La prison ne semble pas l'avoir abimé ou l'avoir obligé à mettre de l'eau dans son vin ou bissap. Au contraire, il dit être «renforcé après ce qu'il a vécu durant 30 jours en prison». Lui, c'est l'activiste sénégalais Guy Marius Sagna, élargi de prison le 16 août dernier, après 30 jours passés à Rebeuss, à savoir depuis le 16 juillet dernier.

Sur les ondes de la radio privée Sud Fm, lors de l'émission politique Objection du dimanche 18 août, le membre actif du mouvement «Frapp/France dégage», arrêté pour «fausse alerte au terrorisme», n'a pas mis de temps pour parler des conditions de son incarcération.

Même s'il dit «ignorer pour l'instant» la lettre qui lui avait été attribuée, notamment celle qui dénonçait la maltraitante des détenus dans la prison de Rebeuss, il avoue que les conditions de sa détention étaient «difficiles». Il dira au journaliste Baye Oumar Gueye qu'il n'était pas en isolement, «mais c'était tout comme».

S'expliquant, l'activiste indique que «les conditions étaient faites de tel sorte que je ne puisse pas parler aux autres, ni les entendre». Ce qui fait, selon lui, qu'il n'a fait que «croiser» Khalifa Sall, tout comme le journaliste Adama Gaye.

Quid de la maltraitante dont il était question dans la lettre ? Sur ce point, Guy Marius Sagna refuse de s'épancher sur la question, pour le moment.

Sur les raisons du maintien du clair-obscur sur la lettre qui avait fait couler beaucoup d'encre et de salive, il justifiera que l'Etat du Sénégal a décidé d'ouvrir une enquête sur ladite correspondance.

Mieux, il dira que le contenu de la lettre fait partie des éléments de son dossier.
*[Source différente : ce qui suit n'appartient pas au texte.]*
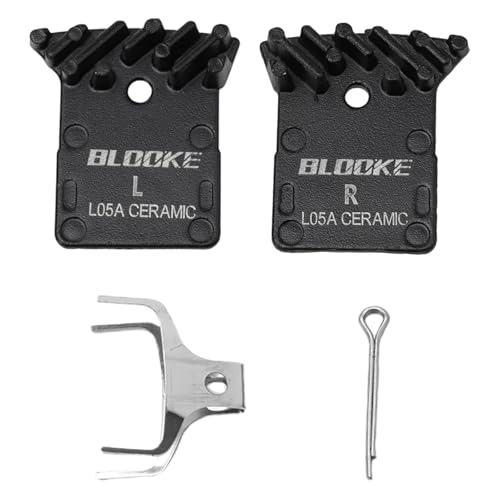 KoiLykke Radiator Resin Metal Ceramic Disc Brake Pads for DURA- R9150, for ULTEGRA R8050, 105 R7000, TIAGRA 4700, METREA U5000, GRX 11/10-Speed | L03A/L04A/L05A | 36.7 x 34 x 4 mm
Pour autant, il prétend être «maltraité».

A son avis, le simple fait de l'avoir interpellé pour le post qu'il a fait sur les dirigeants africains qui continuent de se faire soigner et à mourir dans les hôpitaux français est une forme de «maltraitance».

Poursuivant, il considère aussi comme mauvais traitement le fait de le mettre en prison pour ensuite «aller chercher des motifs à me coller». Autant de choses qui lui feront dire que «ce qui se passe dans les prisons est inadmissible».

Gardant toujours son verbe, Guy Marius Sagna qui se dit sortir «renforcer» de ses 30 jours de détention, s'en est pris à la nouvelle monnaie ECO en gestation dans le continent.

Il croit dur comme fer que le processus de sa mise en œuvre est «antidémocratique». A son avis, il n'y a pas eu de débat national sur ladite monnaie dans les pays qui doivent la partager, encore moins de consultation pour évaluer du FCFA.

Il trouve ainsi anormal que les populations ne soient pas impliquées dans le processus de la mise en œuvre de la monnaie ECO, tout en estimant que «tout ce qui est fait pour moi, sans moi, est contre mon intérêt».

Cela, tout en prônant la «souveraineté démocratique» au-delà de celle «économique» toujours réclamée. Poursuivant sa diatribe contre la monnaie ECO, il estime que «l'ECO est une sorte de copie du FCFA», non sans alerter sur les risques d'écrasement de certains pays, à l'image de ce qui se passe avec l'Euro.